«Этот ребенок должен жить…» Записки Хелене Хольцман 1941–1944 | страница 20
Услышав такое, я снова кинулась в полицию. Зря пришли, заявили мне, не наша компетенция, идите к немцам. От тех, понятное дело, добра не жди. Вычислили, что я уже приходила к ним много раз просить за мужа. Так, так, ладно, выясним, так ли уж ваша дочь невинна, как вы утверждаете. Когда придти? Не надо больше приходить, ни к чему. У меня тоскливо заныла сердце. Быть беде, по всему видать. Чего еще ждать от одержимого фанатика. Тон — ледяной, скажет, как все равно ножом полоснет. И эта ненавистная партийная униформа, и свастика, мерзкий крест с закорючками. Говорят, вроде бы, на одном со мной языке, но до них не достучаться. От них хочется лишь бежать, скрыться, спрятаться, исчезнуть. И у них теперь моя Мари.
К тому времени власть в городе перешла в руки немецких гражданских чиновников со всей их свитой. Въехали они, конечно, в бывшие еврейские дома.
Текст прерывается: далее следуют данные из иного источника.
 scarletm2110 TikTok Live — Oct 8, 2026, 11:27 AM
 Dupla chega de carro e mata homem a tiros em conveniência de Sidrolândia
Еврейские семьи, еще не успевшие перебраться в гетто, были из квартир выкинуты. И при этом все, что новым владельцам понравилось из хозяйства, пришлось оставить, так что многим несчастным и взять-то с собой в гетто было почти нечего. В новом городском правительстве ответственным по всем еврейским вопросам назначили человека, который по иронии судьбы носил имя священной реки земли обетованной — Йордан[29].
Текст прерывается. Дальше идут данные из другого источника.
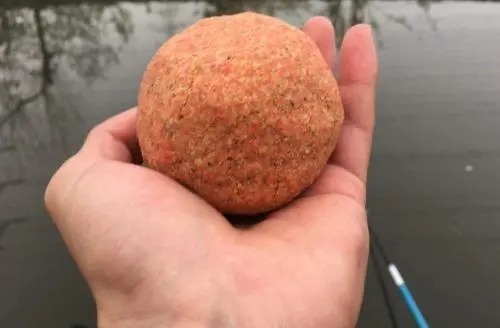 低温季节钓鲫鱼不能少的心得,大板鲫一波又波的在窝子转!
К нему шли все, кто еще не выяснил, насколько он еврей, кто до сих пор не носил еще желтой звезды на груди и не переселился в гетто — «наполовину евреи», граждане нейтральных государств, супруги, состоящие в смешанном браке. Йордан всех принимал, коротко выслушивал и орал: «Марш в гетто! Немедленно!»
К кому я только ни обращалась за помощью, всякий как огня боялся гестапо, боялся засветиться даже при малейшей попытке помочь. Литовцы, конечно, не были в восторге от новых немецких порядков, но кое-что им весьма импонировало, хотя и пугало. Меня многие с участием выслушали и сожалением отослали прочь. Мужа моего знали немало образованных интеллигентных литовцев, и все его уважали. У Мари тоже было множество друзей и добрых знакомых, и так уж они ее любили! Но помочь никто не рискнул, даже на службе, в конторе, отказались.
Я рассказала о нашей беде Эдвину и Лиде. Лида тут же откликнулась своей недоброй вестью: ее мать вышла из дому, совсем забыв нацепить желтую звезду. Пожилую даму тут же арестовали и бросили в тюрьму. Один раз дочь приносила ей передачу. На вторую неделю для евреев посылки больше не принимали.
У Эдвина истек срок действия немецкого паспорта, и молодой человек не осмеливался больше выходить на улицу и боялся запросить новый документ или продлить недействительный. Наконец, он собрался с духом и пришел к Йордану. Тот был как раз занят и не принимал. Дружелюбная секретарша пообещала представить шефу дело Гайста в наиболее выгодном свете. Пусть Эдвин придет через пару дней. Мы уже стали надеяться на лучшее, да рано радовались. Йордан принял Гайста лично: «Вы родились от смешанного брака? Отпрыск смешанного брака первой степени? Женаты на еврейке? Значит, вы еврей. Марш в гетто! И чтобы без звезды на улице больше не появлялся!»